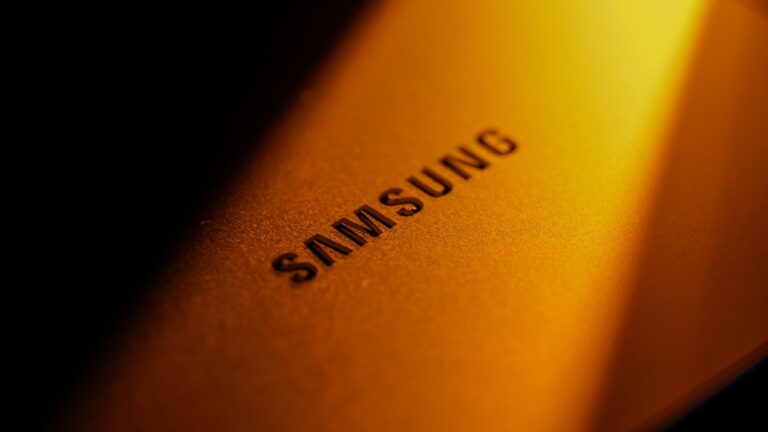 Logo firmy Samsung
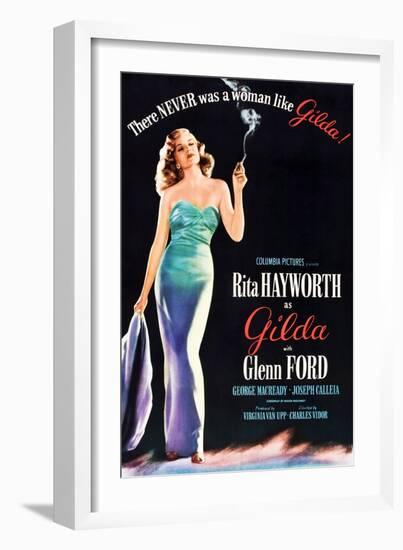 Gilda, Rita Hayworth, 1946-null-Framed Art Print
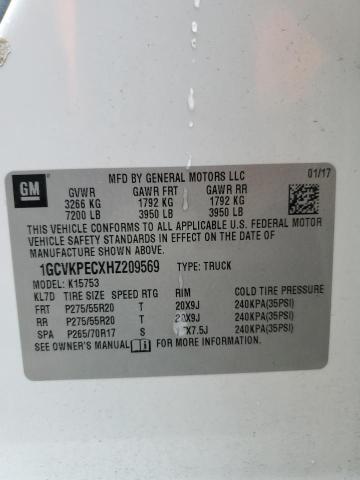 2017 CHEVROLET SILVERADO - 1GCVKPECXHZ209569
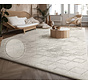 Zacht fluffy vloerkleed - Arinzo Geo Crème - 160x220 cm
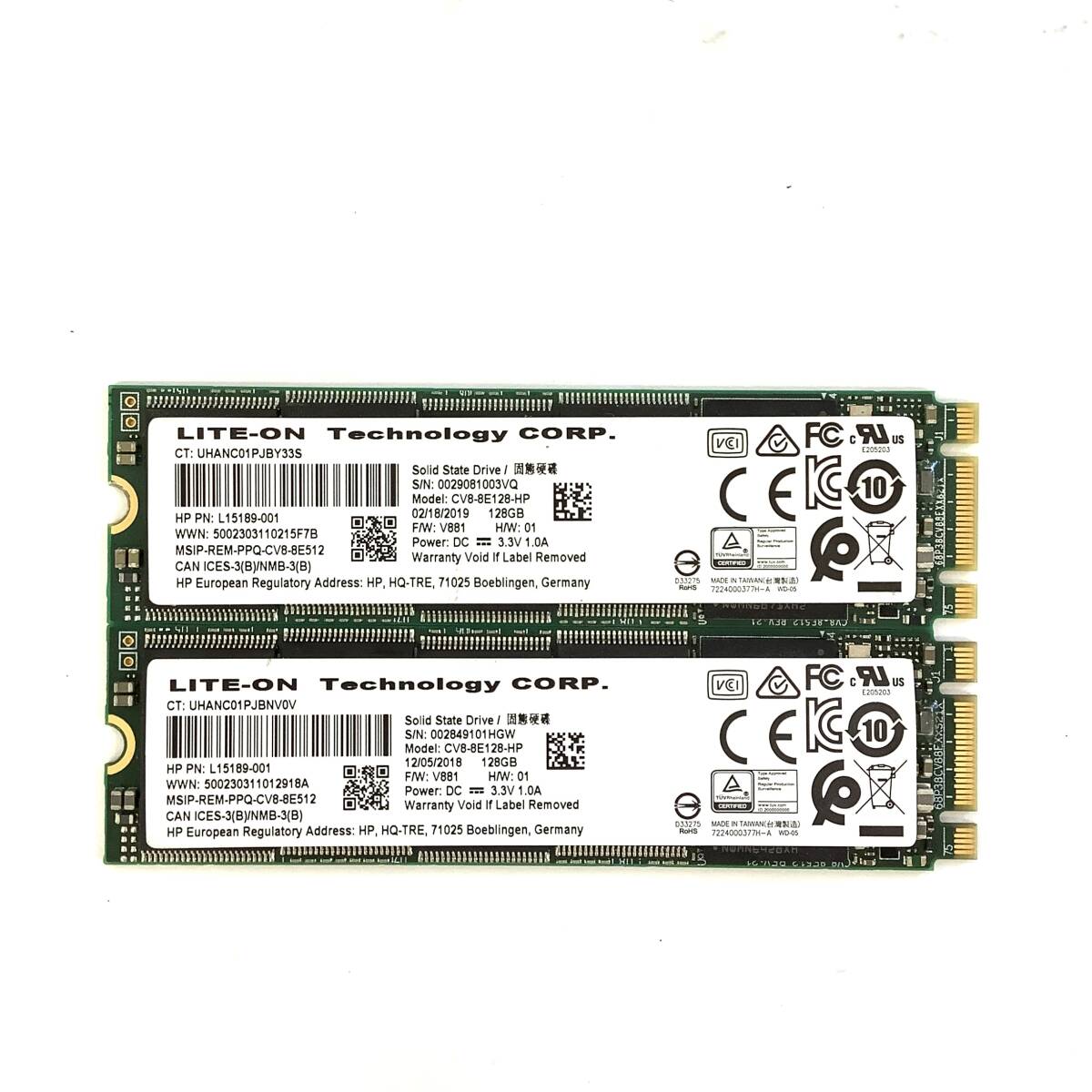 S71028153 LITE-ON M.2 SATA 128GB SSD 2点 【中古動作品】拍卖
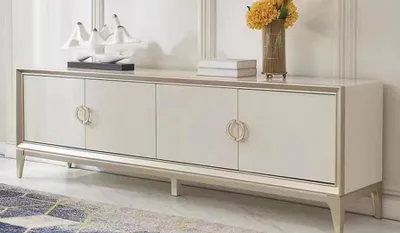 Immagine prodotto di Credenza Legno Mobile Cassettiera Credenza Bianca Design Credenze
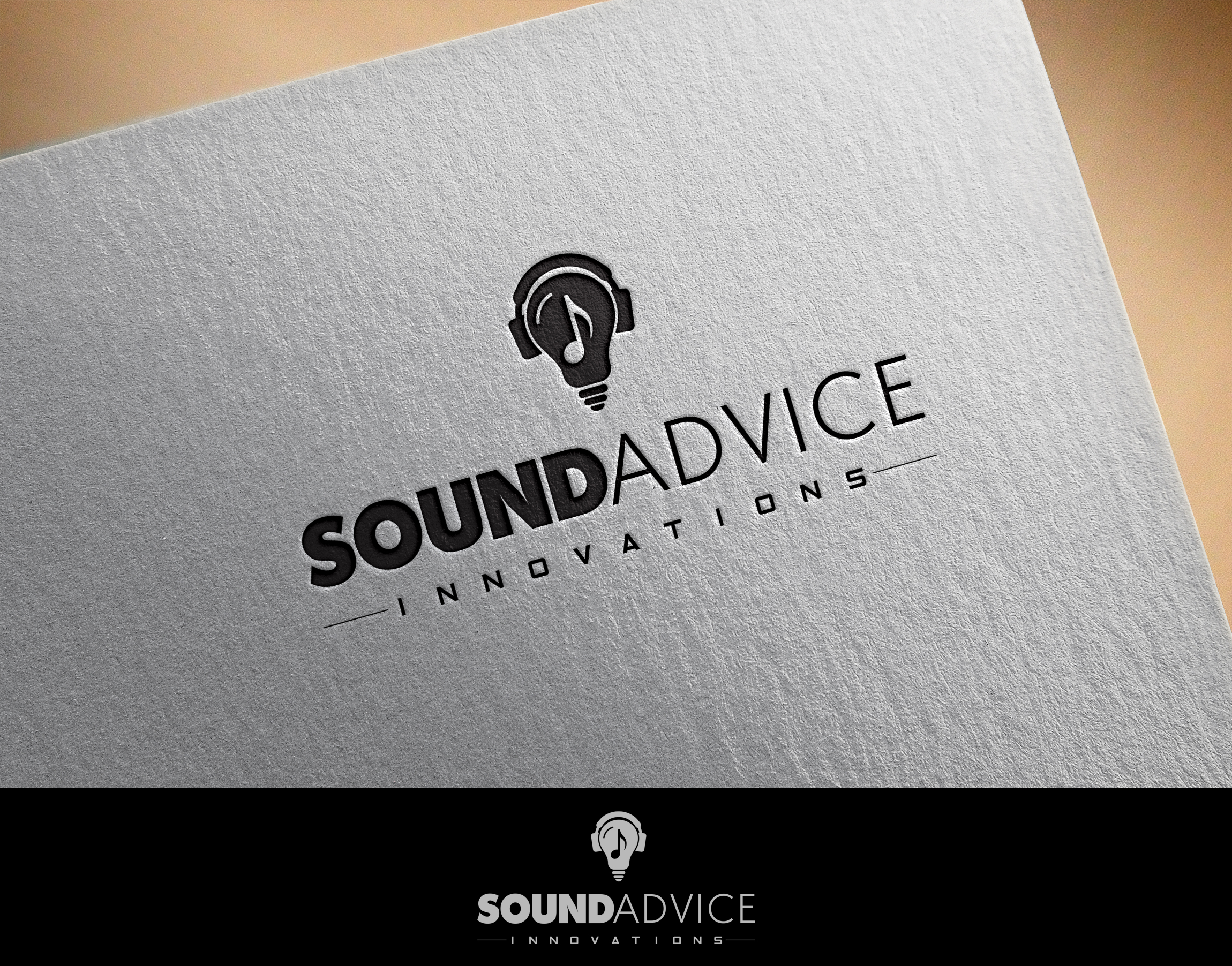 Logo Design by Anooshaa Kachhia for Sound advice innovations | Design #28204113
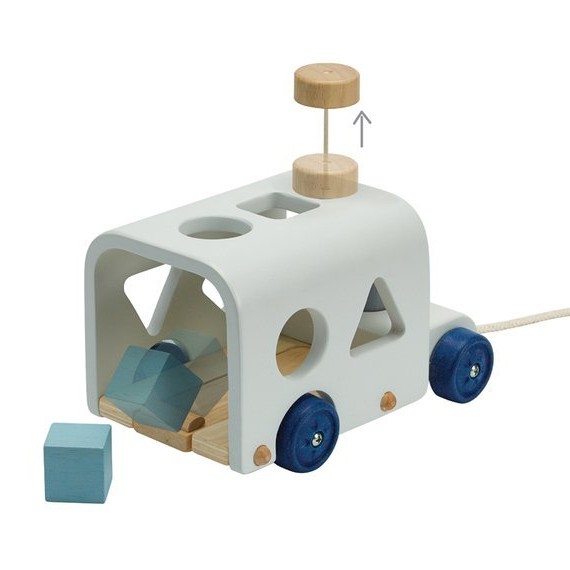 Plan Toys, Autobus - sorter - barwy sadu Plan Toys, Autobus - sorter - barwy sadu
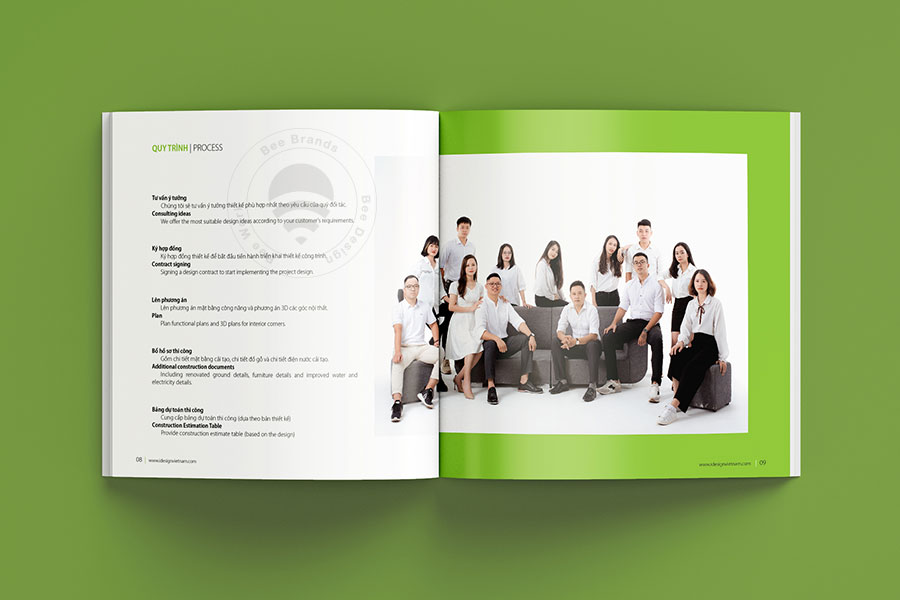 Thiết kế Profile nội thất mầm non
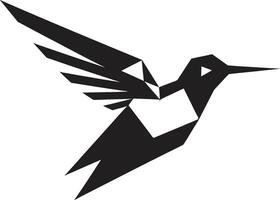 Hummingbird Profile with Style Minimalistic Hummingbird Vector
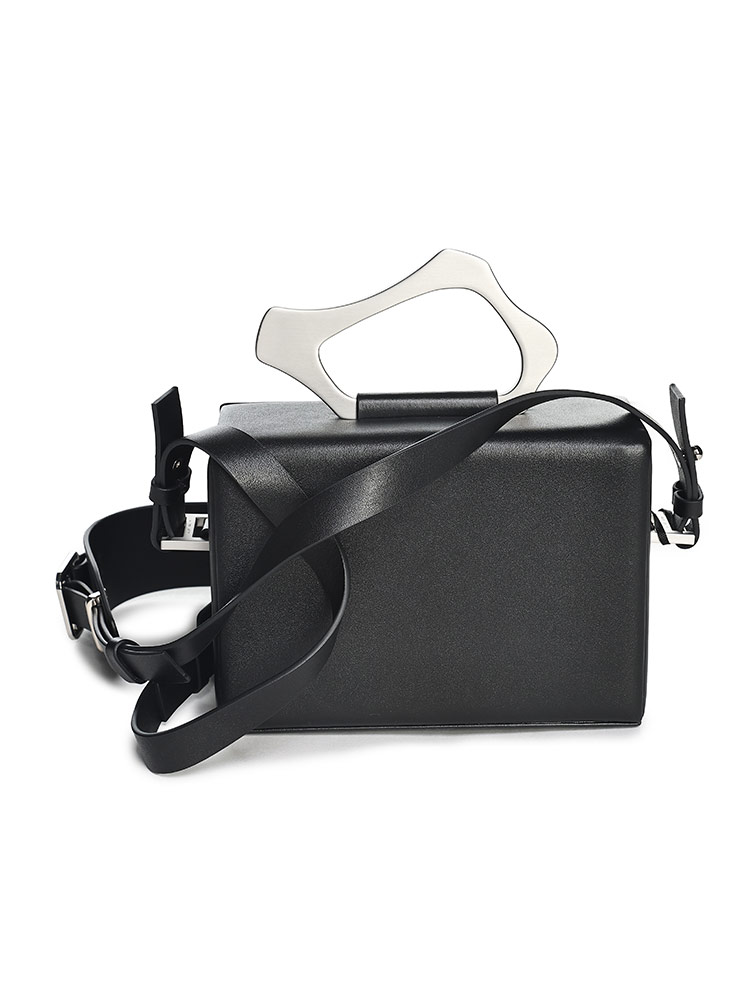 HELIOT EMIL (エリオット・エミル) レザー ショルダー ボックスバッグ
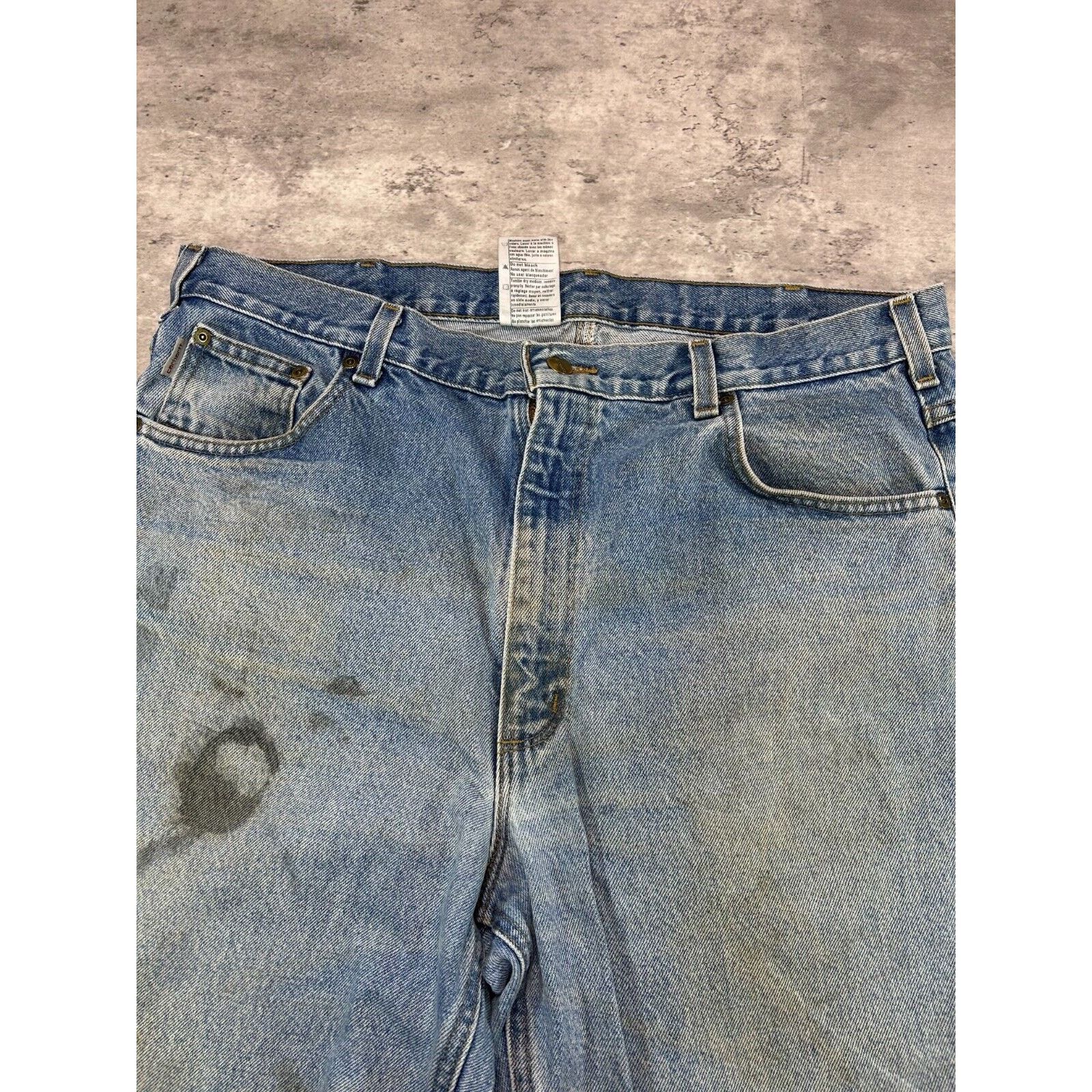 Carhartt Carhartt Traditional Fit Light Wash Denim Pants Size 39 Size US 39 - 4 Thumbnail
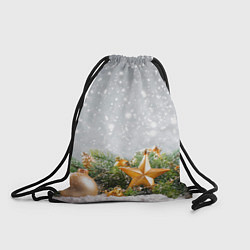 Рюкзак-мешок Новогодняя ель, цвет: 3D-принт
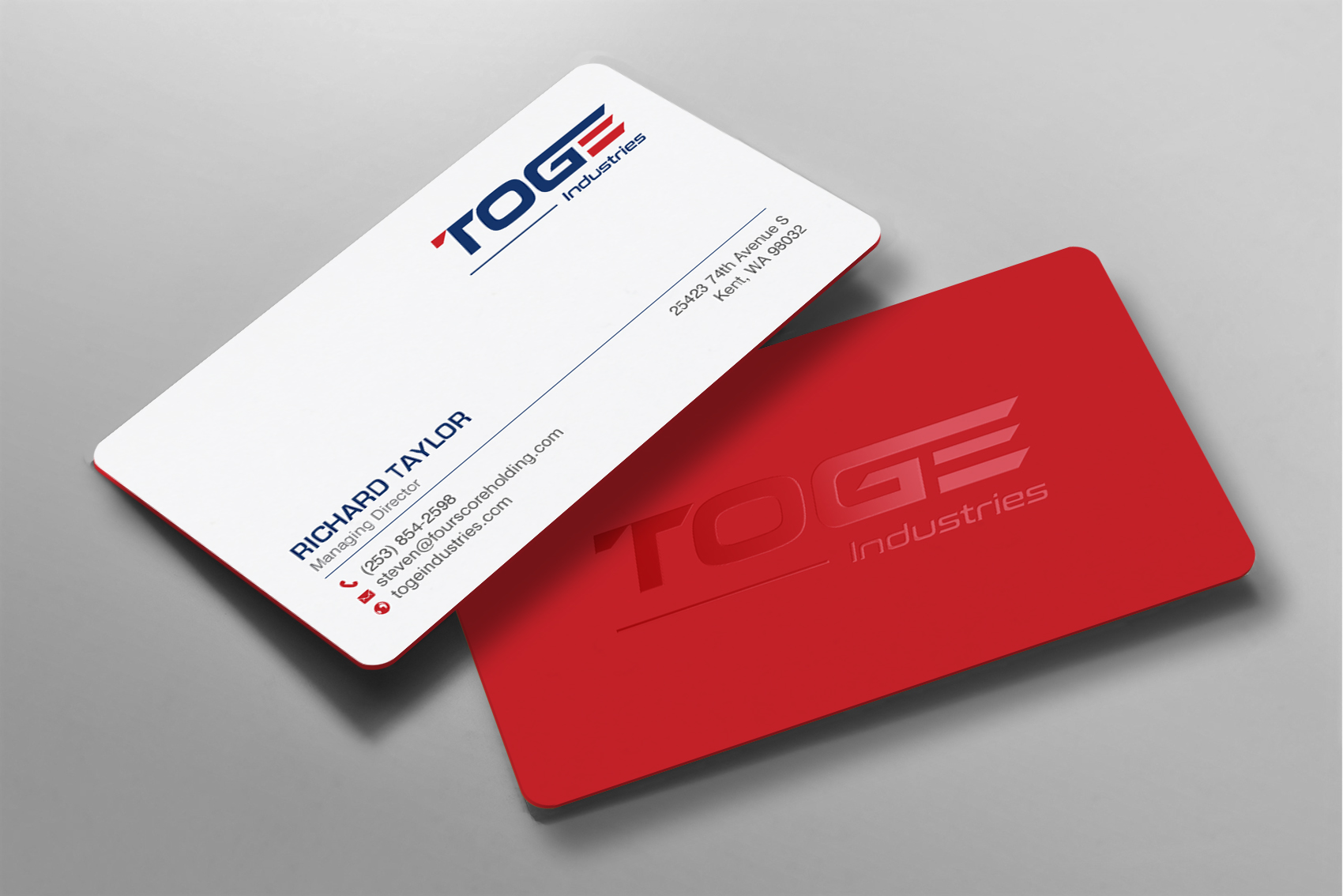 Business Card Design by chandrayaan.creative for Fourscore Holding Inc | Design #30158171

Brief: Up in the listing, locate the line with "S71028153 LITE-ON M.2"; print it and every line after it down to the line with "Thiết kế Profile nội thất mầm non", which is included too. Skip the pictures.

Exercise result:
 S71028153 LITE-ON M.2 SATA 128GB SSD 2点 【中古動作品】拍卖
 Immagine prodotto di Credenza Legno Mobile Cassettiera Credenza Bianca Design Credenze
 Logo Design by Anooshaa Kachhia for Sound advice innovations | Design #28204113
 Plan Toys, Autobus - sorter - barwy sadu Plan Toys, Autobus - sorter - barwy sadu
 Thiết kế Profile nội thất mầm non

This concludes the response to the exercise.